The Horror of Whitewashing
This is somewhat of a sequel to the post before. I was already planning on writing about this, but I realized that last week’s post was the perfect segue for this one. Except while last week I stopped with the accusations of Orientalism within Prince of Persia, today I want to write about the casting of a white man as the Prince of Persia. What is their explanation for this? From the Los Angeles Times:
Asked point blank by the Times of London, “Isn’t Gyllenhaal a bit pale to play a Persian?” Bruckheimer delivered this history lecture. “Persians were very light skinned,” he said. “The Turks kind of changed everything. But back in the 6th century, a lot of them were blond and blue-eyed.”
What? Wait. Okay. Let me think about this.
I thought this was a fantasy! And that’s not how Persia worked! There were blonde people (like there are blonde people now in Iran) but there were also people with dark hair as well! Plus, no one in your film is blonde anyway! And ultimately, not every culture was white until someone came and darkened them up! Especially in a region like Persia!
Argh! I’m using explanation marks continuously again!
The Atlantic has some more specific reactions, but I think ultimately it’s just a tiring display of “We could’ve cast a person of color, and given a job to someone in Hollywood who is likely tired of playing terrorists and funny sidekicks, but instead let’s just pick this well-known white guy and give him a good tan but then surround him with people who look like they actually do fit into the idea of Persian.”
God, I hate this. You know why? Because it feels so meticulously racist.
Before I talked about historical fantasy tropes; I noted that it’s important to designate between them and history.
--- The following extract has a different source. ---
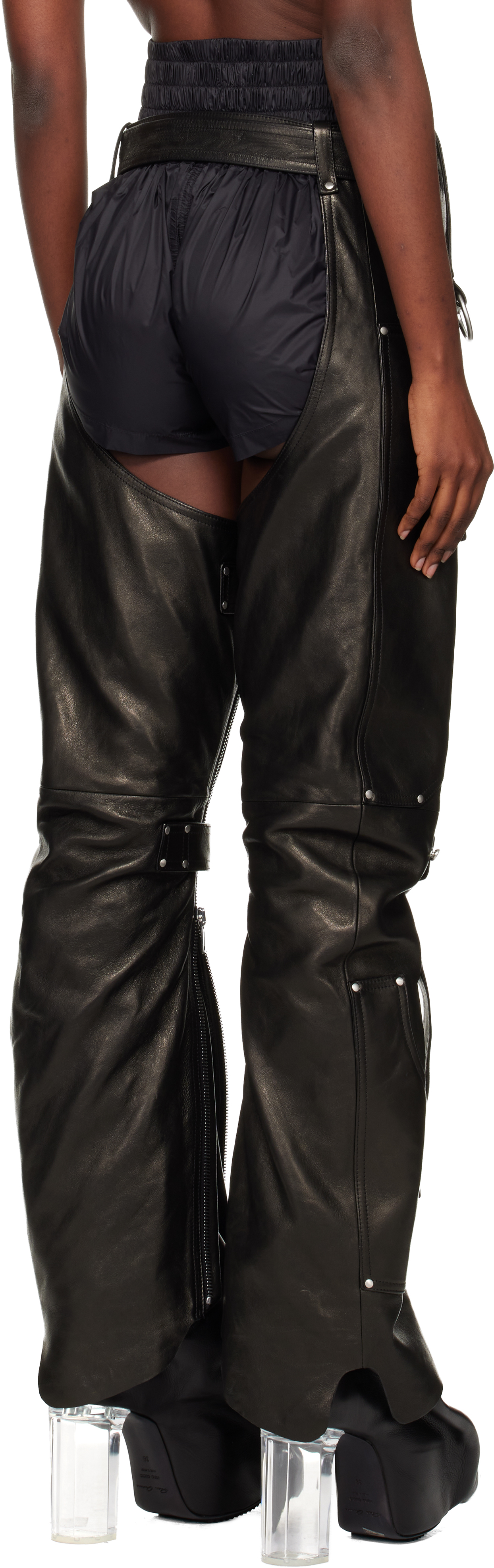 Rick Owens Black Concordians Leo Prothmann Edition Chaps Leather Trousers In Black
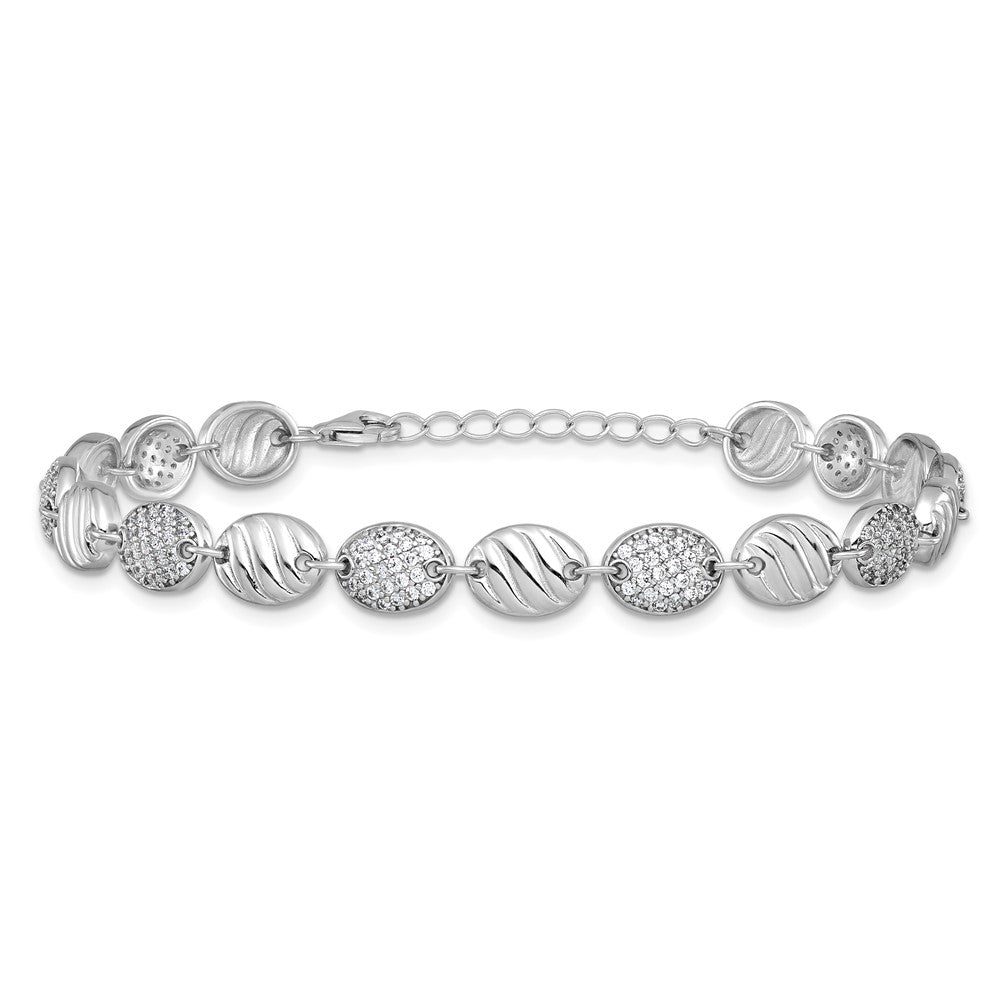Cheryl M Sterling Silver Rhodium-plated Polished and Grooved CZ Ovals with 1 Inch Extension Bracelet QCM1837-7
However: note how Bruckheimer tries to use history as an excuse for casting a white man in a fantasy—but a fantasy called Prince of Persia. So there is no way a person of color could have been cast. Because (a) it’s fantasy, so it doesn’t matter and it’s believed that it’s better to have a white guy to appeal to more people, but (b) it’s historically sound for a white guy to play him because of the (false) history Bruckheimer cites. No Persians required; just add white guy!
Just like the movie of Avatar the Last Airbender, where the main characters are all white but in the source material are vastly more diverse looking. But then they use people of color as background characters. Why? Because ultimately the main characters can only be white!
That’s the idea that since most of the audience is white, they can only relate to white people. I suppose people of color have gotten over themselves in this respect, but white people are still too racist—at least that’s what the executive decisions seem to demonstrate. Obviously, they aren’t: I mean, couldn’t people relate to Jamal in Slumdog Millionaire? Wasn’t Avatar the Last Airbender a wildly popular TV show despite its main characters not all fair or male or coded Christian (since the Airbenders seem to have Buddhist leanings…and Avatar is a Hindu word, and reincarnation is a Hindu concept)? Doesn’t every movie with Will Smith do ridiculously well?
(Hm, it seems another problem is that people can’t seem to relate to someone who isn’t a white guy as well. But that’s for another time.)
Anyway, one notable part of the casting of The Last Airbender is how the casting call asked for “Caucasian or any other ethnicity.” Why the preference for Caucasian—and, in a fantasy series where people clamor to say that as fantasy, race doesn’t matter, why do the main characters not even look the same?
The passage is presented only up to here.